I want you to imagine a scene with me. Let’s say this is an ancient scene, a primal scene. A small clan of people, living together, doing the basic things of life in order to survive. Over the course of time small disputes develop in the group. One person hoards an unfair portion of food. Another person refuses to do their share of work. Little rivalries for power and possessions escalate into heated conflicts. Soon it seems that every person is pitted against every other person, and the group is bordering on chaos. At this point something unexpected happens. Instead of destroying each other in an all against all battle, the tension within the group begins to refocus itself. In order to preserve themselves and the group, the members begin to center all of their bitterness on one person, who happens to be the oddball member, somebody on the fringes.
He’s the reason this plague of chaos has come on the group. Yes, everyone begins to agree. He’s been polluting us all this time. If we could eliminate him we will be saved.

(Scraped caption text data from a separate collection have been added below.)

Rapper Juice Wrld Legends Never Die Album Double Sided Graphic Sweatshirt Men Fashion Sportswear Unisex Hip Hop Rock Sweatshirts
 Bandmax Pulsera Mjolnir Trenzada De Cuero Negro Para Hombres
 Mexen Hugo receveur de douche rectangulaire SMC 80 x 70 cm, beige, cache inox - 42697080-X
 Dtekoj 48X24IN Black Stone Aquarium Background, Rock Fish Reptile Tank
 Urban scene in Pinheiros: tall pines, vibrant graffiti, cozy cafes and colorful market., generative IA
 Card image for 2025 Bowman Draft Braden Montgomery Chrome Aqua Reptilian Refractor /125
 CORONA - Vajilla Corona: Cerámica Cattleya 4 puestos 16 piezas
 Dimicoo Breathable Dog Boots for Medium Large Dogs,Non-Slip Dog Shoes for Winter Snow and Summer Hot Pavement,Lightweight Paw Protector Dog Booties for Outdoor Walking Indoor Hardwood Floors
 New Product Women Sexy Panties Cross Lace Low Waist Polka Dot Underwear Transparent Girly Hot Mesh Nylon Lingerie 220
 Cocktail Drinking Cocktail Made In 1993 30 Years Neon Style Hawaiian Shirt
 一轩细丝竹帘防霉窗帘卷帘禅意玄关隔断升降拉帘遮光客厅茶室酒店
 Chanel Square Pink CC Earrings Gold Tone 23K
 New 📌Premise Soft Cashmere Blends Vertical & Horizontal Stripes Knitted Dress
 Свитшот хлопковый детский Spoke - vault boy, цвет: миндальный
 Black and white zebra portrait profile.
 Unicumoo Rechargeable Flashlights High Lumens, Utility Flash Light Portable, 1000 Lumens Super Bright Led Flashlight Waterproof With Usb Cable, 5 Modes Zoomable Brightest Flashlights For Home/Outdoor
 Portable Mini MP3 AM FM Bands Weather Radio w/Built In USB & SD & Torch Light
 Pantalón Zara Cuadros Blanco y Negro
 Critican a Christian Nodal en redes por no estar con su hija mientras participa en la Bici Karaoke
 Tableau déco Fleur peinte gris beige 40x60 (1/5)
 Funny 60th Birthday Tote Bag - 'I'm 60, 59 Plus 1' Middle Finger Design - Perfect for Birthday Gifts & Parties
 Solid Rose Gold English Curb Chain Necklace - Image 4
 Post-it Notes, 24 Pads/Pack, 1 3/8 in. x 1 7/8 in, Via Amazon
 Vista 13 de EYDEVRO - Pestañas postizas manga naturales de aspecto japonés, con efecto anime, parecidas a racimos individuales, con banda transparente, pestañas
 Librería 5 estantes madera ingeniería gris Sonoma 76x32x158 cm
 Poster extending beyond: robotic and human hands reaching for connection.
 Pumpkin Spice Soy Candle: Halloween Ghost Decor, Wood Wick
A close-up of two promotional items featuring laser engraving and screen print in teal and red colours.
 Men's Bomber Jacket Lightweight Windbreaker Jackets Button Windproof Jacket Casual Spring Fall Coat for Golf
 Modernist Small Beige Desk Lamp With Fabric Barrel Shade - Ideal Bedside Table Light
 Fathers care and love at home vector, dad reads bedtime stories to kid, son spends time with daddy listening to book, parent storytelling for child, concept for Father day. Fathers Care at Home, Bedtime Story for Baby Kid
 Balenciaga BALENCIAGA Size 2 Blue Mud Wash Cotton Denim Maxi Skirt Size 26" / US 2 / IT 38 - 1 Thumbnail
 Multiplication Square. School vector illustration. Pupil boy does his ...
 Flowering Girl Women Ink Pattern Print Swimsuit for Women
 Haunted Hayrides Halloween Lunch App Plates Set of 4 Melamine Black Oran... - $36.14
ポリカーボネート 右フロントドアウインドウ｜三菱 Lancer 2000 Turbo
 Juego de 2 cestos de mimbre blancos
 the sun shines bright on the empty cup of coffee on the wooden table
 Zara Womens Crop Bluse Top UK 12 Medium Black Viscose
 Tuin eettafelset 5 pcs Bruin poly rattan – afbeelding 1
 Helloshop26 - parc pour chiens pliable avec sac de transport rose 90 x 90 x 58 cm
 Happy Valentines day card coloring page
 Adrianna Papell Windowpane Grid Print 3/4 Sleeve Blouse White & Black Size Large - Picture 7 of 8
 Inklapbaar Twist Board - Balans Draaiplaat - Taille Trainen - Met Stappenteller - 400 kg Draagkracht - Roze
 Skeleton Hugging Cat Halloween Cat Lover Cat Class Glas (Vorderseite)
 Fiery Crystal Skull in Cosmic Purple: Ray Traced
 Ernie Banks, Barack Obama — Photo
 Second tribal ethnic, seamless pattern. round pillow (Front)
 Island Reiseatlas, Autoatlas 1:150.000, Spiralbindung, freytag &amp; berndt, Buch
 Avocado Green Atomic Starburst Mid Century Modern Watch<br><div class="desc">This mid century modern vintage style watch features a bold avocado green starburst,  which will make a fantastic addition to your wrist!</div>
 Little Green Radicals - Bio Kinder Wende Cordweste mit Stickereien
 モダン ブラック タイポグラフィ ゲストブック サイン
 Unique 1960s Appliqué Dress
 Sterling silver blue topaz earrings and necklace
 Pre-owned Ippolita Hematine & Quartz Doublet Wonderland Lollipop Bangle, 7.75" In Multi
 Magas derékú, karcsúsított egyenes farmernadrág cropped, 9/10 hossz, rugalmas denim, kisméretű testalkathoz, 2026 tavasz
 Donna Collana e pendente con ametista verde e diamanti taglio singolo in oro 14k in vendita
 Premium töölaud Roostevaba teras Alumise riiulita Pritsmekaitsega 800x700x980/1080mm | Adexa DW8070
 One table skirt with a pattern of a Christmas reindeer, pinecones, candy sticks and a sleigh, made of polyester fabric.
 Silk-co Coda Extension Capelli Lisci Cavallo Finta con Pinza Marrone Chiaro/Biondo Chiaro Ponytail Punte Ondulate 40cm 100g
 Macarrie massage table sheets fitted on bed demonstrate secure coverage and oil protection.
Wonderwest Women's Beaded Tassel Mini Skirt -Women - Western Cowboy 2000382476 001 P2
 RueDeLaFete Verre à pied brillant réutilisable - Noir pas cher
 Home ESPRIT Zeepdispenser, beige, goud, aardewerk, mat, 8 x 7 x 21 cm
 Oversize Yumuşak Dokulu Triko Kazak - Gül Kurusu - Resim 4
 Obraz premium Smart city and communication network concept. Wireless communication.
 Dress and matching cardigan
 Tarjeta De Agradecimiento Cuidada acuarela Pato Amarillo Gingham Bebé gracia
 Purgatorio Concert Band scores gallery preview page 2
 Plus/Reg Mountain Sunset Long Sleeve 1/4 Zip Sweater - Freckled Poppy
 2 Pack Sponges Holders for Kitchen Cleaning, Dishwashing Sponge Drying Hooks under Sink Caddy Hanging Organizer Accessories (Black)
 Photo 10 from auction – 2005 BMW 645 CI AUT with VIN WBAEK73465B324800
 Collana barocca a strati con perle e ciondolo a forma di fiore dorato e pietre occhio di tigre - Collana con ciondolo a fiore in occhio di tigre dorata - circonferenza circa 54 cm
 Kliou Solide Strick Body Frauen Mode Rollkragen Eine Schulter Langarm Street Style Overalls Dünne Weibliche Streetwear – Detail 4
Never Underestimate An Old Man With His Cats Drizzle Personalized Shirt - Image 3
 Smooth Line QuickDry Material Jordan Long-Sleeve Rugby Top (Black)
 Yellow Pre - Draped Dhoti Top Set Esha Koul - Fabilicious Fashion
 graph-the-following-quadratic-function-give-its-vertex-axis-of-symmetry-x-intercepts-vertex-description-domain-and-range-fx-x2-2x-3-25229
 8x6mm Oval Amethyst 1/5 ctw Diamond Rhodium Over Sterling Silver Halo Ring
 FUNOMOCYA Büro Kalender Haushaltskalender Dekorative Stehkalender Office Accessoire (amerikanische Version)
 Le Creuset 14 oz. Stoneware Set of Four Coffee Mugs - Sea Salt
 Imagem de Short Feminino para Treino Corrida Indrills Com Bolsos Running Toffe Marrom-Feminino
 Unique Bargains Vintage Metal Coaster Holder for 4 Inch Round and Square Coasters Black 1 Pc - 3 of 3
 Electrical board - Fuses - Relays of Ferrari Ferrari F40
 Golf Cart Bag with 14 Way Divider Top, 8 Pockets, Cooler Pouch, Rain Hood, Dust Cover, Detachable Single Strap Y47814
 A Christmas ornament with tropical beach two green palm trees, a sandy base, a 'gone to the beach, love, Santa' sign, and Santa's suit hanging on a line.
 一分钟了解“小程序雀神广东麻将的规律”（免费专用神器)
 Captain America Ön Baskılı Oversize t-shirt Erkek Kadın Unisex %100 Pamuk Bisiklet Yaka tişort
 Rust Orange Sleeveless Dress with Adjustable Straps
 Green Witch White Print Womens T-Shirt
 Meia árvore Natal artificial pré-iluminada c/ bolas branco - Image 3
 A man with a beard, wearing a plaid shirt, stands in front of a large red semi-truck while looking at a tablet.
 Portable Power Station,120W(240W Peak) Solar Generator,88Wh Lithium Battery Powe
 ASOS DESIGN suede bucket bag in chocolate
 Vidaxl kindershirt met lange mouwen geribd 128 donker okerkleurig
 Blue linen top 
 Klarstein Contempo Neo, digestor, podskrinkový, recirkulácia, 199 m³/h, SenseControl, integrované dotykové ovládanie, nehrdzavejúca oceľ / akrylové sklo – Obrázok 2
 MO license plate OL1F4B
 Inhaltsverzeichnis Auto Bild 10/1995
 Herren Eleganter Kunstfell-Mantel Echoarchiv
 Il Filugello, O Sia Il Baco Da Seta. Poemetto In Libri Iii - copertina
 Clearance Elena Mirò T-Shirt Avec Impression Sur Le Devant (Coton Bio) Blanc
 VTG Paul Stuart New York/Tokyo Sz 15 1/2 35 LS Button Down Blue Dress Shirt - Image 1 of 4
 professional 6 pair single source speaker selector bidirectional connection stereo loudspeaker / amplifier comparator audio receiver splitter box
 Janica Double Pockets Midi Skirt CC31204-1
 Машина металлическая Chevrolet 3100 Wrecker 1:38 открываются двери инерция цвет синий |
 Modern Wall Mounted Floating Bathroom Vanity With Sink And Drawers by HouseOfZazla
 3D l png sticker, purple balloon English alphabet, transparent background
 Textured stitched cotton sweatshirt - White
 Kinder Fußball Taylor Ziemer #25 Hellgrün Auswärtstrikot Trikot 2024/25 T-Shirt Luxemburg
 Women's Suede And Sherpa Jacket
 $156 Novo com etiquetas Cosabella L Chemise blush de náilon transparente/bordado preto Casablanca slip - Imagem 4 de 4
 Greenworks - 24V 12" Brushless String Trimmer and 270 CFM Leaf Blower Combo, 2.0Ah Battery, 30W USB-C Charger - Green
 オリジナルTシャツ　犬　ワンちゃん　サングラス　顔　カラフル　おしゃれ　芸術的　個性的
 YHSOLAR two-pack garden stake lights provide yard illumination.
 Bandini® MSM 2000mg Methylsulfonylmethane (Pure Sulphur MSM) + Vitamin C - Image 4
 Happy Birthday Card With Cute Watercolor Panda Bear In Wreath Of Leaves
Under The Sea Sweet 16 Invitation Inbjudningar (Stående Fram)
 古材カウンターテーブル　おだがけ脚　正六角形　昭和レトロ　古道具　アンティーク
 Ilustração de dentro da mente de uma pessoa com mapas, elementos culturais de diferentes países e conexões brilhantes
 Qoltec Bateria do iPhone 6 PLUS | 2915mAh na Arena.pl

So, all of the tension in the group gets directed toward this individual. And everyone agrees he must be killed for this evil he has done. So they gather together around him, cast their stones, and bury his corpse under the pile of rocks. And they discover, to their amazement, that their chaos has been transformed into unity. All against all has become all against one. All of their ill-feelings and hatred toward one another seem to be gone, buried under that pile of stones. This man must have been guilty because the group has been healed. And the group resumes its life together, delivered from all its ills, amazed at this gift of unity that the gods have given.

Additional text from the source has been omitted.